Cacao : le paradoxe ivoirien

Comment, selon le quotidien français La Tribune, les producteurs burkinabè ont sauvé la première ressource de la Côte d’Ivoire.

Publié le 7 novembre 2005 Lecture : 3 minutes.

Après la fin du mandat officiel du président Laurent Gbagbo, le 30 octobre, que va-t-il se passer à Abidjan ? Les PME qui fournissaient 50 % des recettes d’impôts à l’État ferment les unes après les autres. Le tissu économique se désagrège. Mais, contrairement à certains pronostics, le cacao ne se meurt pas. Plusieurs centaines de milliers de familles de planteurs, possédant chacune quelques hectares de cacao, restent le poumon de la Côte d’Ivoire. Taxés par l’État, qui ne leur laisse que 0,4 à 0,5 euro par kg (contre 0,8 euro au Ghana voisin), ces planteurs s’appauvrissent. Pourtant, ils résistent encore à la chute des revenus. Par quels moyens ?

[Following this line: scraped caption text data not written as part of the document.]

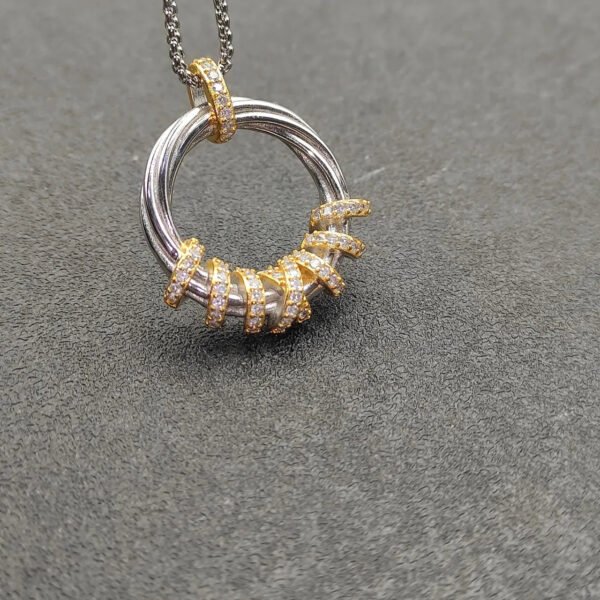 David Yurman Helena Round Pendant Necklace in Sterling Silver and 18K Yellow Gold with Diamonds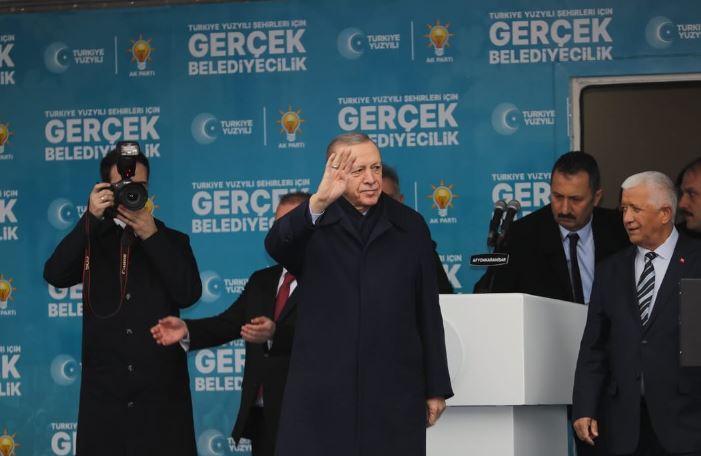 "Afyonkarahisar'a şahsım  ve Cumhurbaşkanlığı olarak teşekkür borcum var "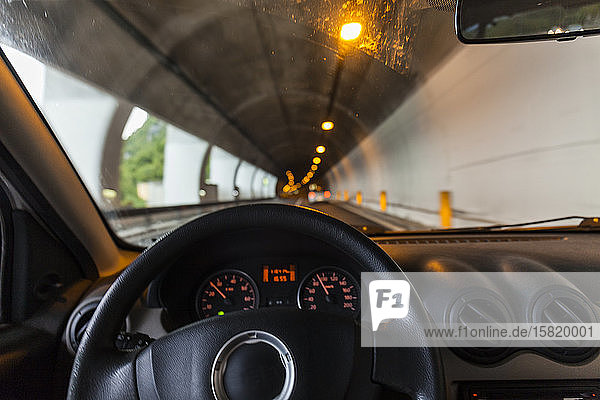 Italien  Lombardei  Lecco  Inneres des Autos im Tunnel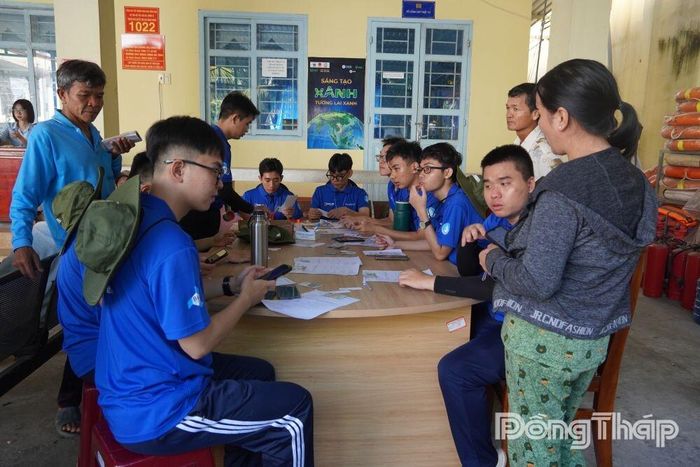 Các bạn đoàn viên, thanh niên hướng dẫn cài đặt, sử dụng VNeID cho người dân.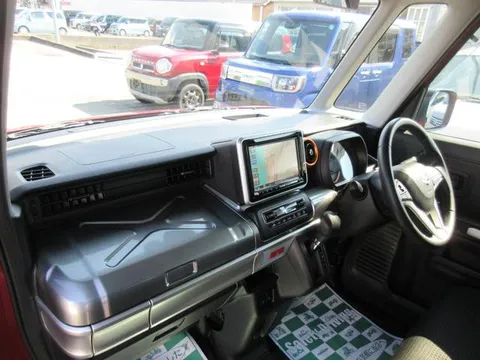 Suzuki Spacia Gear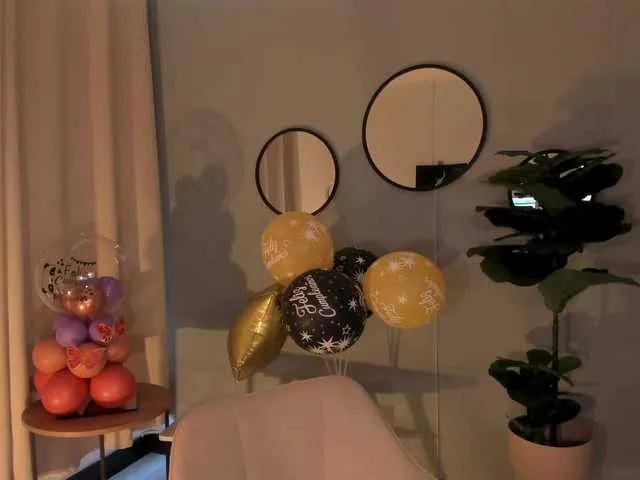 Offline LiaPearce on BongaCams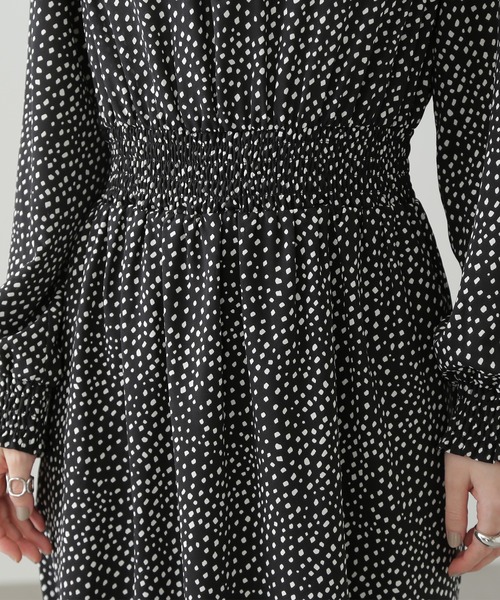 N.（N. Natural Beauty Basic）（エヌエヌナチュラルビューティーベーシック）の「◆ドットフリルスタンドネックナローワンピース（ワンピース・レディース・ブルー系その他/ブラック系その他・MEDIUM）」の17枚目の写真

Première réponse : l’agriculture familiale, très efficace, surtout dans des systèmes qui n’offrent que peu ou pas d’économies d’échelle, permet de produire un cacao à très faible coût. Vu la terrible pression fiscale sur la première ressource du pays, la résistance des producteurs est un paradoxe quasi universel de l’agriculture familiale. Cette dernière accepte les conditions de survie parce qu’elle n’a pas d’alternative économique, encore moins politique.
La seconde réponse est l’énorme dépendance du pays par rapport aux « étrangers ». Loin du chiffre officiel de quelque 10 % d’allogènes, la composante d’origine étrangère, surtout burkinabè, représente plus du tiers des producteurs « propriétaires » de plantations et la majorité des travailleurs de type métayers. Au total, ces étrangers assurent près de 50 % de la production de cacao du pays. Pour un Burkinabè, dont la terre natale peine à nourrir sa famille, le cacao de Côte d’Ivoire, même payé à vil prix, reste un eldorado. Les migrants burkinabè sont plus dynamiques et novateurs que les planteurs dits de souche ivoirienne, et prennent progressivement leur relais économique. Sur le plan social et politique, ils ne peuvent en revanche que filer doux.

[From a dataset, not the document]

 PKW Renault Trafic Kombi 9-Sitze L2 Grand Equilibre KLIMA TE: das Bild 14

Une troisième réponse est la construction historique d’un étonnant rapport social entre autochtones et migrants. Les premiers ont « cédé » la forêt aux seconds tout en maintenant une relation de clientélisme. Les autochtones voyaient d’ailleurs dans les Burkinabè des gens plus dociles que les migrants internes à la Côte d’Ivoire. De fait, ils acceptent de se montrer toute leur vie redevables à leurs « tuteurs » autochtones par des services réguliers. Même si les Ivoiriens se sentent aujourd’hui frustrés du succès burkinabè, cet arrangement historique reste un ciment social. Au final, les migrations massives de familles, en particulier d’origine étrangère, soucieuses de sortir de la pauvreté, déterminent le rythme exponentiel de plantations de cacao, et donc la formidable croissance de l’offre sur le marché international.
Des centaines de milliers de tonnes de cacao « made in Côte d’Ivoire » relèvent donc du travail et d’initiatives de Burkinabè. En dépit des humiliations et des assassinats dans plusieurs régions, ils continuent d’investir dans le cacao. Si la chute des revenus les oblige à oublier les engrais pour quelque temps et à réduire les pesticides, ils résistent mieux que les autres planteurs. Surtout, ils la compensent en travail et en soins manuels aux plantations (désherbage à la machette, taille des arbres). Les jeunes Burkinabè viennent à la rescousse de leurs aînés. Pour tous ceux qui créent encore de nouvelles plantations, tout se passe comme s’il fallait un surcroît d’effort dans les plus anciennes pour générer des revenus de nature à financer les nouvelles. On a là un beau « miracle » de l’agriculture familiale contribuant à expliquer pourquoi la Côte d’Ivoire résiste si bien.
La plus grande incertitude réside dans la gouvernance. Si la Côte d’Ivoire commet une erreur irréparable vis-à-vis de la formidable ressource que représentent les planteurs burkinabè, la production s’écroulera. Pour une brève période, quelques-uns en profiteront probablement, mais, rapidement, comme cela s’est souvent répété dans l’histoire du cacao, les concurrents en sortiront vainqueurs. Parmi eux, le Ghana, deuxième producteur mondial, rendrait en quelque sorte la monnaie de sa pièce à la Côte d’Ivoire, qui avait profité de son propre écroulement dans les années 1970. Il y aura surtout le Vietnam, aux aguets, « préparé » à cette éventualité par les multinationales du cacao.